Pictures with short captions:
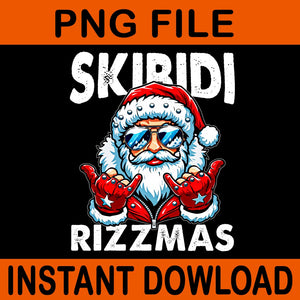 Skibidi Rizzmas Santa PNG, Santa Rizzmas Christmas PNG, Skibidi Santa Christmas PNG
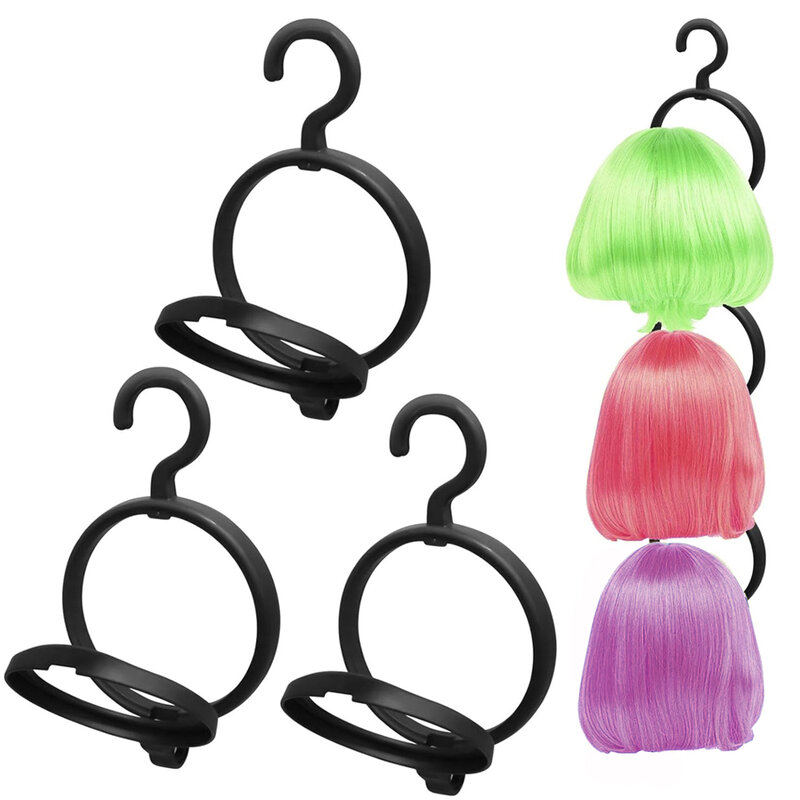 Hanging Wig Stand For Wigs White Black Wig Hanger For Multiple Wigs Durable Wig Holder For Salon Display Wall Wig Stand Holder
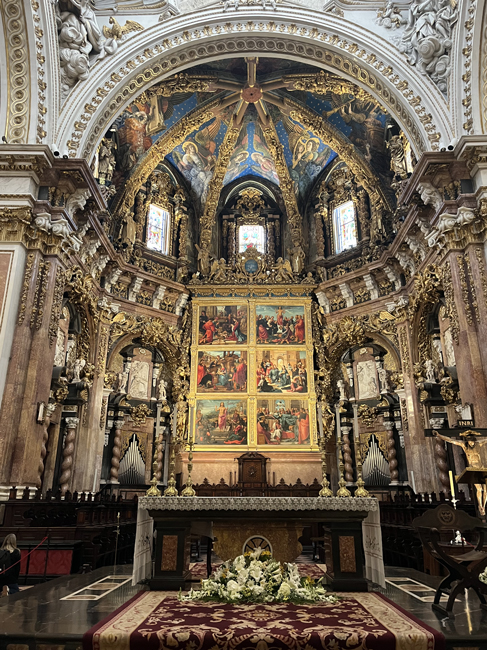 Altare maggiore, Cattedrale di Valencia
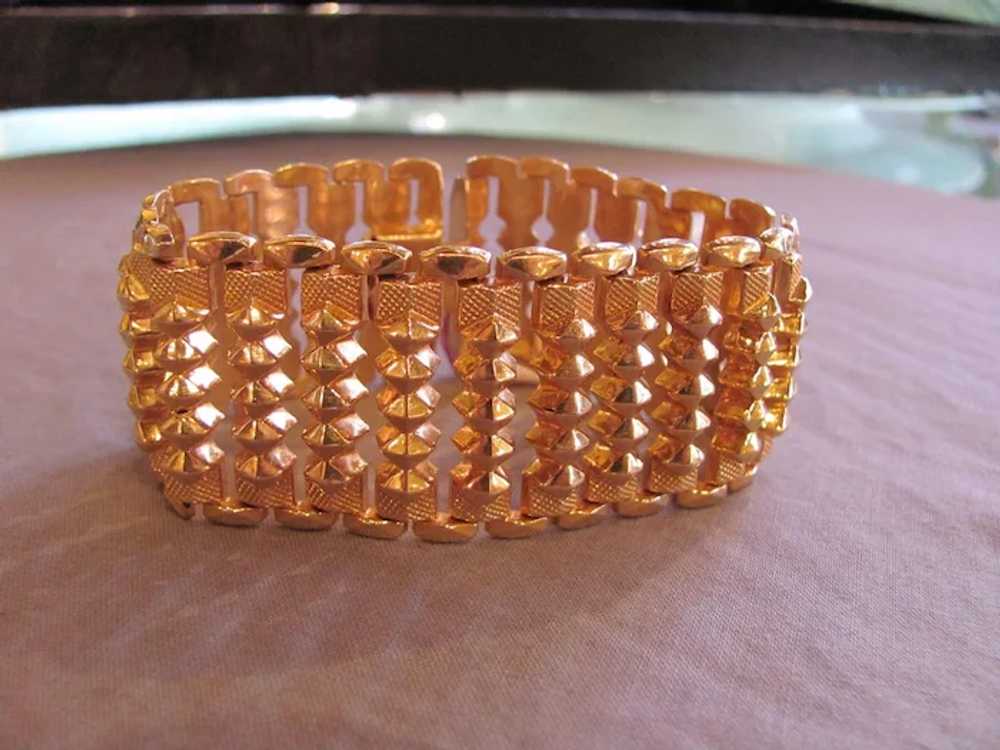 Fabulous Vintage Italian 18K Gold Bracelet Circa … - image 7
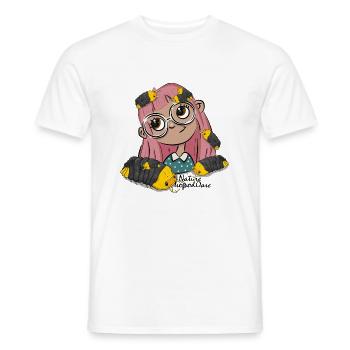 Nature Isopod Oase - Männer T-Shirt - Weiß - Vorne - AI Model Male 178 dark (178cm)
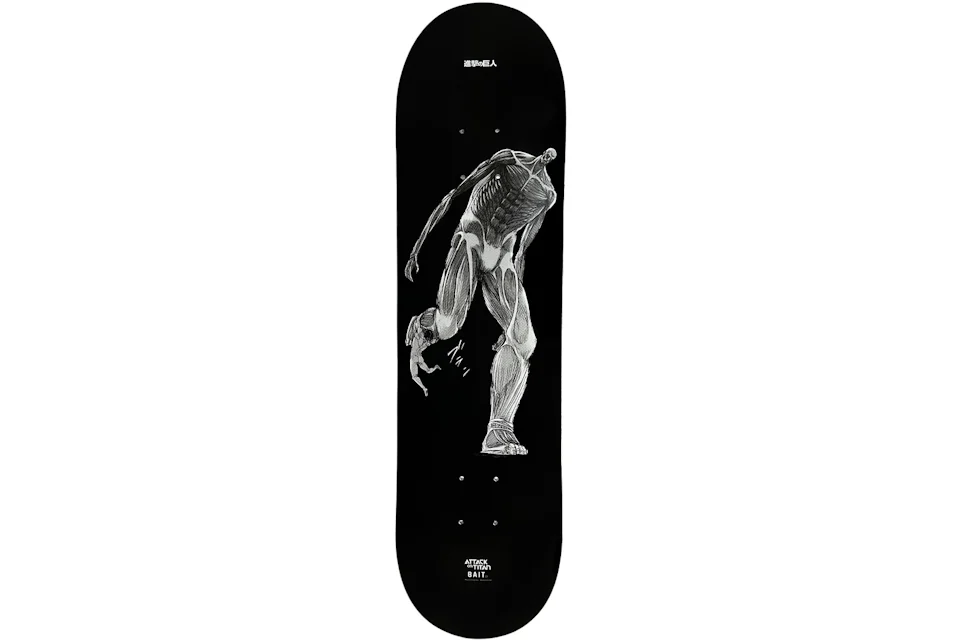BAIT Attack On Titan Colossal (Glow) Skateboard Deck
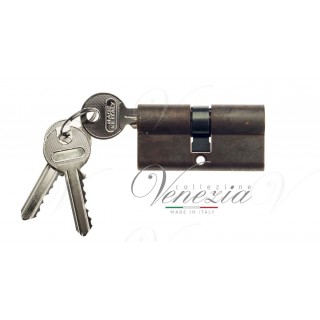 Цилиндровый механизм ключ-ключ Venezia 30/10/30 матовая бронза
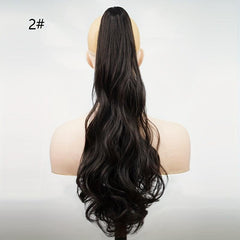 60 96 Cm Synthetic Hair Ponytail Extension Curly Wavy Claw Clip Ponytail Tails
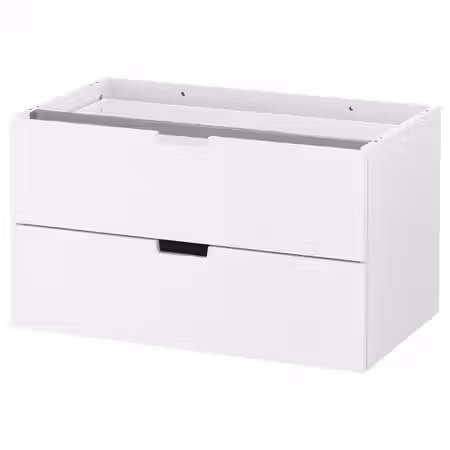 NORDLI Модульный комод с 2 ящиками - белый 80x45 см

Task details:
From the line with "60 96 Cm Synthetic" down to the last line of the records above, restate each line verbatim, passing over any picture.

Written answer:
 60 96 Cm Synthetic Hair Ponytail Extension Curly Wavy Claw Clip Ponytail Tails
 NORDLI Модульный комод с 2 ящиками - белый 80x45 см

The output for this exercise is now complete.